Oui, et je le voyais de ma fenêtre, se promenant lentement de long en large devant le portique. Il était grand, mince, avec un habit de chasse gris et une toque écossaise. Il n’avait rien de bien alarmant, et j’osai le dire à ma mère.

— Paix donc, Marc ! Descendez seulement.

En général, je n’aime pas les étrangers et surtout les étrangers du beau monde ; mais ce matin-là toutes les choses et tous les hommes me semblaient indifférents. Il me semblait qu’accomplir les devoirs de chaque jour à mesure qu’ils se présentaient, était la seule chose qu’il valût la peine de faire.

— Ne vous tourmentez pas, ma mère, je vais descendre. Combien de temps faut-il vous en débarrasser ?

— Jusqu’au dîner, si vous pouvez. Miséricorde ! il n’y a pas de gibier aujourd’hui pour le dîner !

Je me dis que les femmes, même les meilleures, se font de singuliers sujets de tourment ; mais je descendis.

— Lord Erlistoun, je crois.

— Monsieur Browne… je vous demande pardon… monsieur.

— Je suis Marc Browne. Je suis fâché que mon père ne soit pas ici pour vous recevoir.

— C’est ma faute, je me suis mépris sur le jour fixé pour ma visite. Cependant puis-je être assez indiscret…

Ses manières supposaient d’avance une réponse, la seule possible ; sa présence n’était probablement pas à l’ordinaire traitée d’indiscrète. Je lui souhaitai la bienvenue, et nous échangeâmes une poignée de main, après un examen réciproque et avec un souvenir vague de nous être vus ailleurs ; mais nous ne fîmes ni l’un ni l’autre allusion à cette première entrevue.

Je me le rappelai parfaitement. Nous autres travailleurs, nous rencontrons rarement chez les femmes de notre classe, encore moins chez les hommes, ces traits délicats et nobles qu’on qualifie ordinairement d’aristocratiques avec assez de justesse, puisque c’est le plus beau type de la simple beauté physique. Souvent arrêtés dans notre croissance par le travail de bureau et la vie des villes, nous atteignons rarement à cette stature élégante et élevée, qui combine la force mâle avec la grâce féminine et aussi à ces mains effilées et à ces ongles en amande. Chaque classe a ses avantages : celui de la perfection physique nous appartient rarement ; elle dépend de chances qui nous manquent habituellement, ou bien elle provient des générations antérieures qui ont légué leur type personnel à leurs enfants ; les soins de l’enfance, l’éducation et la manière de vivre y ajoutent ensuite.

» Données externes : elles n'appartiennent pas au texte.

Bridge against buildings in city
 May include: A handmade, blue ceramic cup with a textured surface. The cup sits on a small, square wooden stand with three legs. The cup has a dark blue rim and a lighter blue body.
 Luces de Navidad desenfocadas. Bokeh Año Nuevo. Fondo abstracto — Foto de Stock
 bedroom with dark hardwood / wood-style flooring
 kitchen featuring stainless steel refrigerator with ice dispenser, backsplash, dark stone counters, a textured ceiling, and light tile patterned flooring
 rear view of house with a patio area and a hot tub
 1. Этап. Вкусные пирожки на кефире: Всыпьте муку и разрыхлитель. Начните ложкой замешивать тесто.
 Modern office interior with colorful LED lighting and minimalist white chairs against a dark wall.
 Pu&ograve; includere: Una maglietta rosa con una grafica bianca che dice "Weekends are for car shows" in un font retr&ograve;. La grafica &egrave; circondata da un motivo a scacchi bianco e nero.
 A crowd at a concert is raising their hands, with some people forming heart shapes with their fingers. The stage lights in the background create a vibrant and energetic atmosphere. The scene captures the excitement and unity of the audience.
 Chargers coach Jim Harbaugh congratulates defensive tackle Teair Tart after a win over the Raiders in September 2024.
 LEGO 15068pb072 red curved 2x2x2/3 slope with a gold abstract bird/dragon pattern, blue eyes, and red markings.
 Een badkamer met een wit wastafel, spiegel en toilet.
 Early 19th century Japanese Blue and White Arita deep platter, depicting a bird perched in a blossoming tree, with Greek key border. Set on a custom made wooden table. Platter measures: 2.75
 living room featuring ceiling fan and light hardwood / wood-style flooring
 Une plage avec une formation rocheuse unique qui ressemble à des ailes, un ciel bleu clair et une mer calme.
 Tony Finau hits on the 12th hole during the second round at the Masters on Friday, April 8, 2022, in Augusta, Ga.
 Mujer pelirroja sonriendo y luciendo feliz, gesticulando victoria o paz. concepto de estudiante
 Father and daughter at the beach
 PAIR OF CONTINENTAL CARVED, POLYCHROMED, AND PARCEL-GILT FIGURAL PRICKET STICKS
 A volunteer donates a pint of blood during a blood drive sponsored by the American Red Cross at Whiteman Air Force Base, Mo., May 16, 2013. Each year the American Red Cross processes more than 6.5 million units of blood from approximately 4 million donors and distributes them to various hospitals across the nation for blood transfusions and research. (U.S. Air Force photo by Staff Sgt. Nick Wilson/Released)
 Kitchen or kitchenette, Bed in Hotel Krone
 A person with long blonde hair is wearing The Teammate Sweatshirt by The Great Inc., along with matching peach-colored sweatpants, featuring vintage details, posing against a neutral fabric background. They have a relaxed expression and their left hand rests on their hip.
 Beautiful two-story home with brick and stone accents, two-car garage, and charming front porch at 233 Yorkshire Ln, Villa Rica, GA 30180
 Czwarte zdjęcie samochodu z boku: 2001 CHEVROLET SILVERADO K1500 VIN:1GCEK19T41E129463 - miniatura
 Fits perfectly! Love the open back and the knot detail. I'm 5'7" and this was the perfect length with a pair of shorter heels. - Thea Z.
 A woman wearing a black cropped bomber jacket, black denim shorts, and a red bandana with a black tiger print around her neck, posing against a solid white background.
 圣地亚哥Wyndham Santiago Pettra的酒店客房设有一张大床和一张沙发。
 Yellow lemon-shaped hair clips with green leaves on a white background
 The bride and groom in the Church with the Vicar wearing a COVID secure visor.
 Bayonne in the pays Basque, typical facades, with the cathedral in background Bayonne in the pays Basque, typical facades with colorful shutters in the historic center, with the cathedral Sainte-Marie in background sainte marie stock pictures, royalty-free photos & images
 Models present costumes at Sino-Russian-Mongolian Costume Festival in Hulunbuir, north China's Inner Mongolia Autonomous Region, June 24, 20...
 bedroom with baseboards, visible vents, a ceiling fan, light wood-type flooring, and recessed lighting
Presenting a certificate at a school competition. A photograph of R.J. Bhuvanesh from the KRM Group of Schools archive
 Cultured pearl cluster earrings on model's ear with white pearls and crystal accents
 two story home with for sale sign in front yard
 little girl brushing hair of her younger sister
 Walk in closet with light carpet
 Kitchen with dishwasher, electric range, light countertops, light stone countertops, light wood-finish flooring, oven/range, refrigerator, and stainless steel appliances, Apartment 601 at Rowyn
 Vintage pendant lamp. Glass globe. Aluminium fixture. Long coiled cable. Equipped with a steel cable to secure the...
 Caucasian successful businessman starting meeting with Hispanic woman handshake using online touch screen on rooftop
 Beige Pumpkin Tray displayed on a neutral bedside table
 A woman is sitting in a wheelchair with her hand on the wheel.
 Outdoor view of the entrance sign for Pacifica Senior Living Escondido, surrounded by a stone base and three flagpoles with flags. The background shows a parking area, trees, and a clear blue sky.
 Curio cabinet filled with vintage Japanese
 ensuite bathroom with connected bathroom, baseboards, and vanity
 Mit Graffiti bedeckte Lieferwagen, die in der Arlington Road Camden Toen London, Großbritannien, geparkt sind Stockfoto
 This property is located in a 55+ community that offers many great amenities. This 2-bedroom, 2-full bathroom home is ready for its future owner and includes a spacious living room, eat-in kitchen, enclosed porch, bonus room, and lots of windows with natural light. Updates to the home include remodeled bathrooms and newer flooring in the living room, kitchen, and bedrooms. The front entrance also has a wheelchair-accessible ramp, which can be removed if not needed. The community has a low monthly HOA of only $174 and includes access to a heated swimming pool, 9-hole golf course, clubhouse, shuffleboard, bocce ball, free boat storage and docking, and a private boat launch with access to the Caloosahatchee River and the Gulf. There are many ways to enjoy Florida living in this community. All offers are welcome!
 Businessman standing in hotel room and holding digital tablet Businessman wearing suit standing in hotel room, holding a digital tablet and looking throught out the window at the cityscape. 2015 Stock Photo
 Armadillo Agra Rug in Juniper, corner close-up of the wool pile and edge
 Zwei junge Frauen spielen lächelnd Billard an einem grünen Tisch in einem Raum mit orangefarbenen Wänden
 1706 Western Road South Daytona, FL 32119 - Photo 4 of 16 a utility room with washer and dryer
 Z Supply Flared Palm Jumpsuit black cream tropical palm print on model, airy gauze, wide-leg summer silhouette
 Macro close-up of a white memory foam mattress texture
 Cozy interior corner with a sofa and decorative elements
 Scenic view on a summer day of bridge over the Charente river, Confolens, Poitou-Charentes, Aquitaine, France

Je vis d’un coup d’œil ce que tout homme intelligent doit voir sans s’en effrayer et sans en avoir honte ; c’est que sur certains points il eût été aussi impossible d’établir une comparaison entre un bidet de travail et un cheval de course qu’entre lord Erlistoun et Marc Browne. Peut-être la série instinctive des réflexions qui m’amenèrent à cette comparaison, ou plutôt à cette distinction, indiquait-elle que je pensais trop à moi-même ; mais il y a des positions où on pense habituellement à soi, et où l’on se compare volontairement ou involontairement aux autres ; j’étais dans cette position ce jour-là.

— Cet endroit-ci est charmant, dit lord Erlistoun.

Il avait raison. J’ai vu bien des maisons de grands seigneurs qui n’étaient pas à moitié aussi belles. Mon père y prenait grand plaisir, et ce ne fut pas sans une certaine satisfaction que j’en fis les honneurs à notre hôte, et que je lui montrai les jardins, les serres, le parc. Il y avait un agréable sentiment d’orgueil à montrer à lord Erlistoun que nous autres gens d’argent nous pouvions aimer la nature et l’air, et dépenser sagement et largement ce que nous n’avions pas hérité, mais bien gagné. En faisant les honneurs de la propriété, je fus moi-même frappé de l’ensemble, de la magnificence des habitudes de mon père et du contraste qu’elles formaient avec le sombre petit bureau de Liverpool, d’où sortait l’argent pour entretenir tout cela.

J’ai pensé quelquefois… mais un fils n’a pas le droit de commenter la conduite de son père, d’un si excellent père.

Notre promenade finit, et la conversation aussi. Nous avions parlé de l’état de l’Europe, de la grande exposition, sujets sur lesquels nous pouvions nous rencontrer, mais qui tombaient à plat les uns après les autres. Je ne suis pas un grand causeur, pour mon propre compte ; mais j’aime à écouter les autres, et je dois avouer que la société de lord Erlistoun me parut assez peu amusante.

Je le conduisis enfin dans son appartement et, au grand soulagement de tout le monde, il n’en sortit qu’au moment du dîner.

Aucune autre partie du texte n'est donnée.